From his acceptance speech for the National Book Award:
What has been missing from so much experimental writing has been the passionate will to dominate reality as well as the laws of art.
From the interview The Art of Fiction on Invisible Man:
The three parts [of the novel] represent the narrator’s movement from, using Kenneth Burke’s terms, purpose to passion to perception… After all, it’s a novel about innocence and human error, a struggle through illusion to reality. Each section begins with a sheet of paper; each piece of paper is exchanged for another and contains a definition of his identity, or the social role he is to play as defined for him by others.
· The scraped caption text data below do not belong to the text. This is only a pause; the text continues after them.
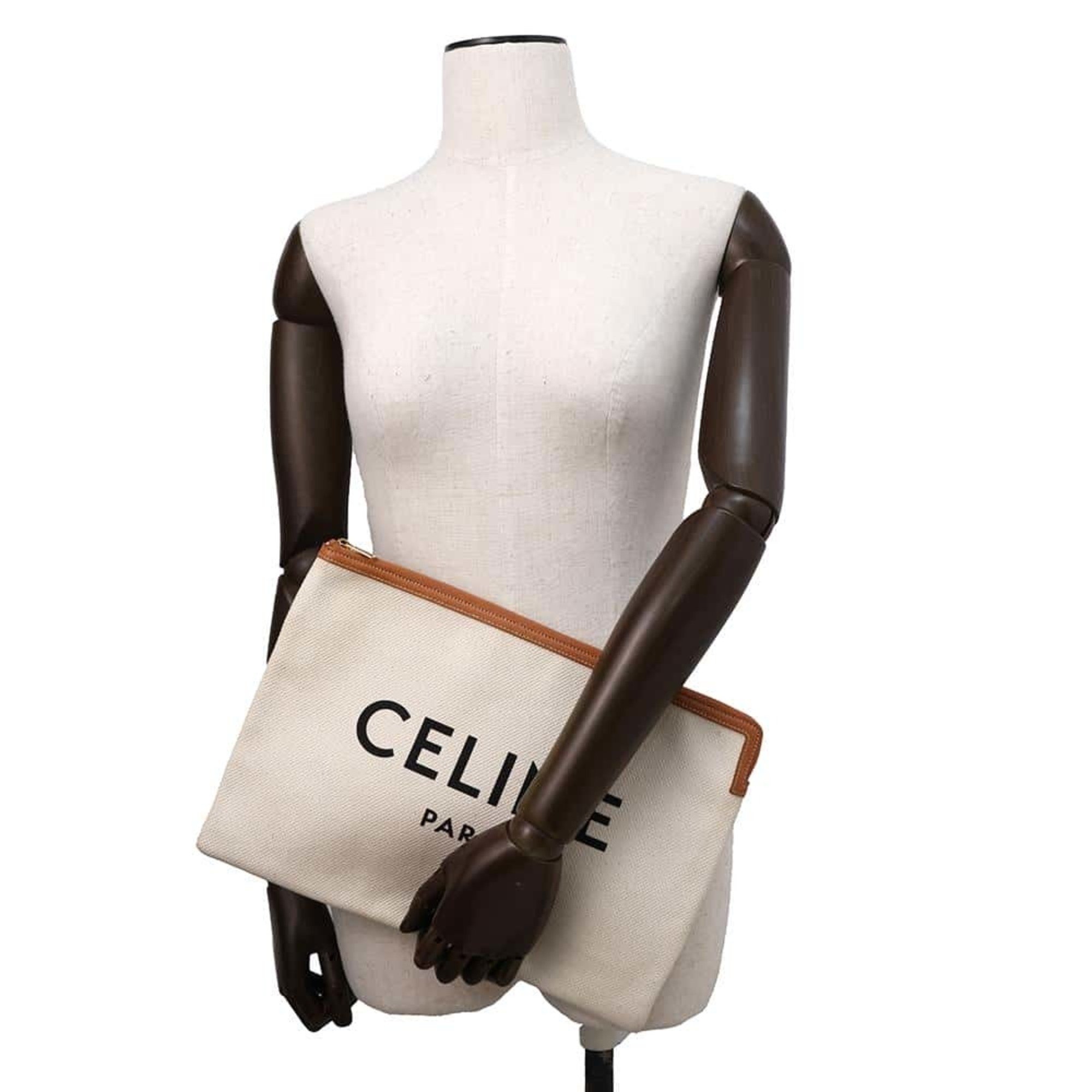 CELINE Clutch Bag Canvas Second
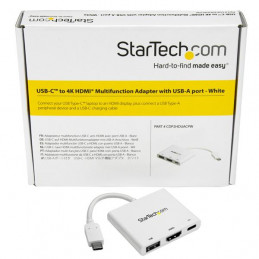 StarTech.com CDP2HDUACPW kannettavien tietokoneiden telakka ja porttitoistin Langallinen USB 3.2 Gen 1 (3.1 Gen 1) Type-C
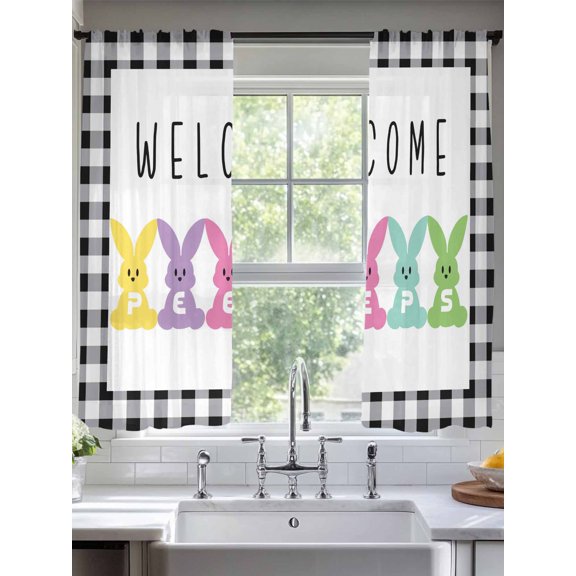 Easter Colorful Cartoon Rabbit Peeps Chiffon Sheer Curtains 63 Inches Long, Quote and White Black Lattice 2 Rod Pocket Window Treatment Voile Drapes Curtains for Living Room Bedroom,2 Panels, 52x63In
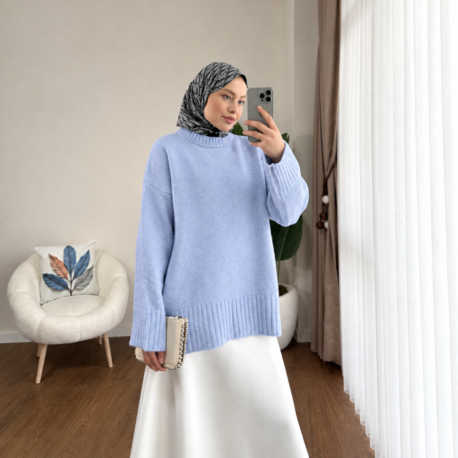 Oversize Bisiklet Yaka Tesettür Kazak - Bebe Mavi
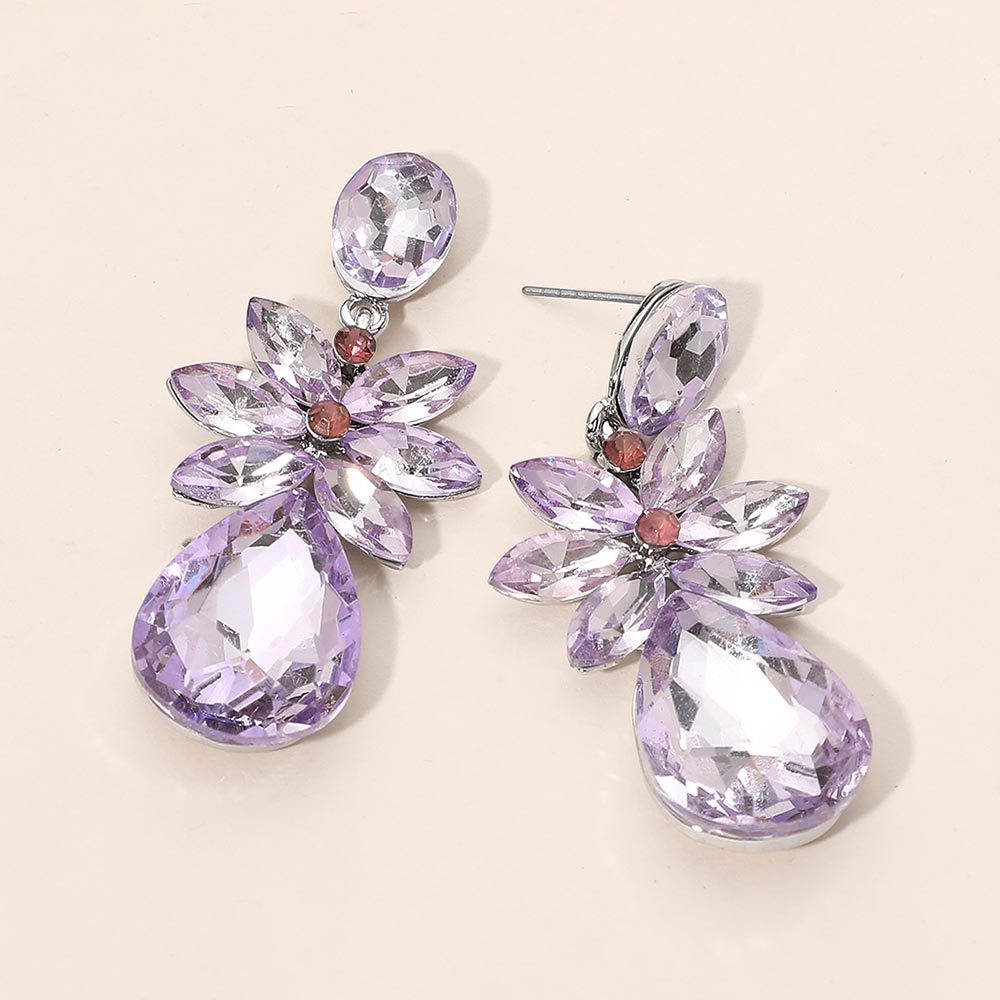 Lavender Purple crystal flower teardrop earrings on silver displayed on white background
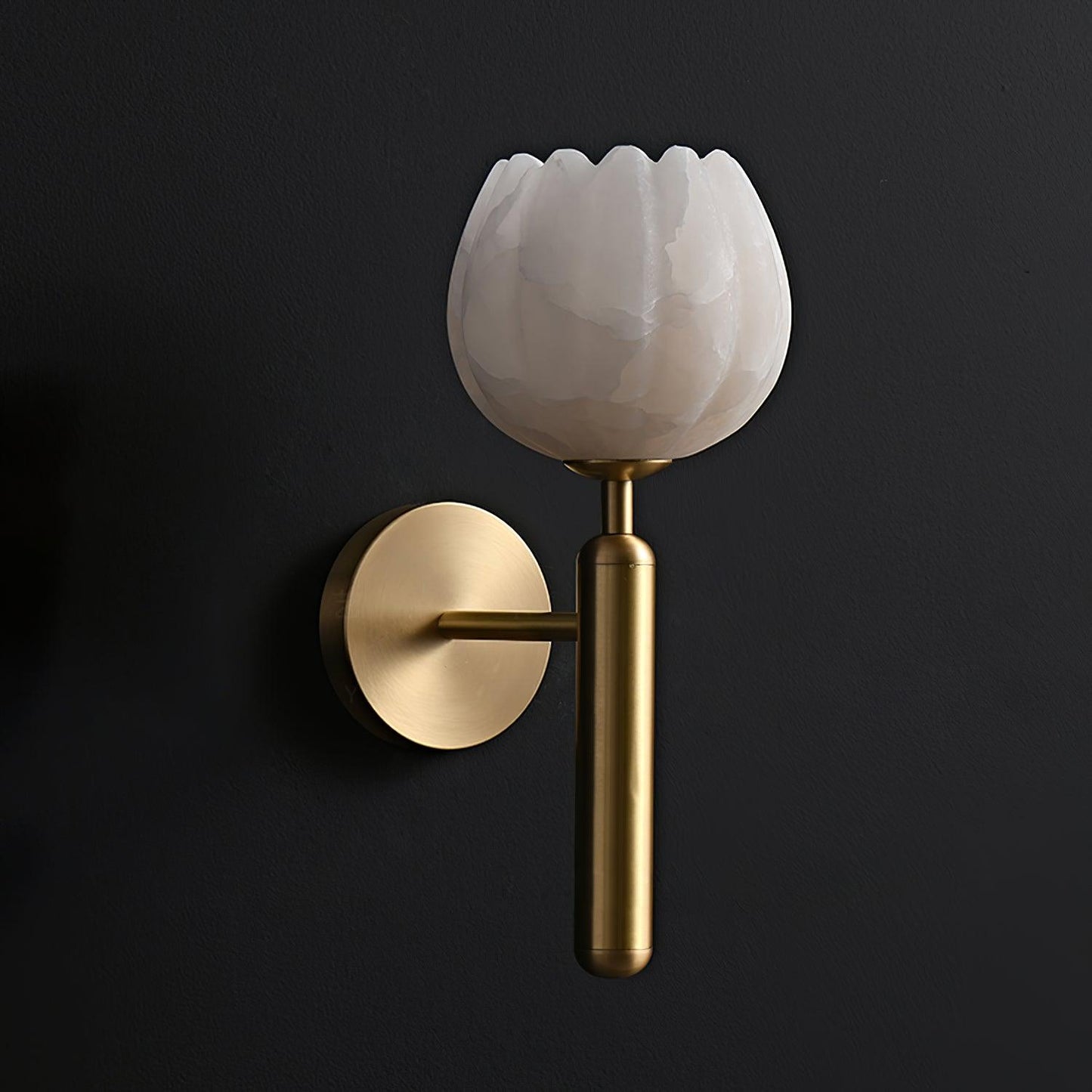 Alabaster Flower Wall Sconce | Elegant Bedroom and Living Room Wall Lamp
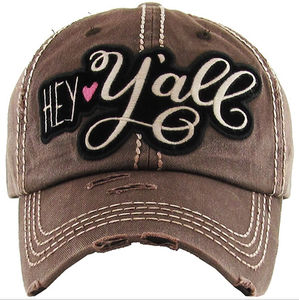 Women's Hey Yall Southern Country Distressed Trucker Cap Adjustable Hat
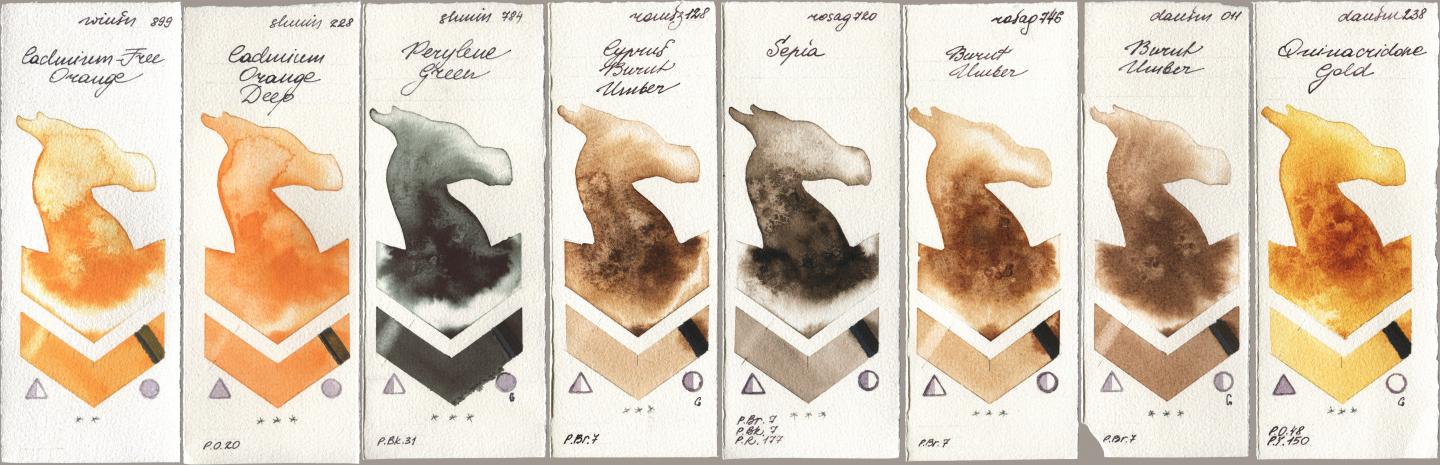 Winsor & Newton Professional 899 Cadmium-Free Orange, Shminke Horadam Aquarell 228 Cadmium Orange Deep, 784 Perylene Green, Roman Szmal Aquarius 128 Cyprus Burnt Umber, Rosa Gallery 720 Sepia, 746 Burnt Umber, Daniel Smith 011 Burnt Umber, 238 Quinacridone Go watercolor swatch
But all say essentially the same thing, ‘Keep this nigger boy running.’ Before he could have some voice in his own destiny he had to discard these old identities and illusions; his enlightenment couldn’t come until then.
The major flaw in the hero’s character is his unquestioning willingness to do what is required of him by others as a way to success, and this was the specific form of his ‘innocence.’
In the Epilogue the hero discovers what he had not discovered throughout the book: you have to make your own decisions; you have to think for yourself.
The hero’s invisibility is not a matter of being seen, but a refusal to run the risk of his own humanity, which involves guilt.
Ellison was a brilliant essay writer and an eloquent speaker. Pick up the book and you will find sentences critiquing Hemingway that are 200 words long.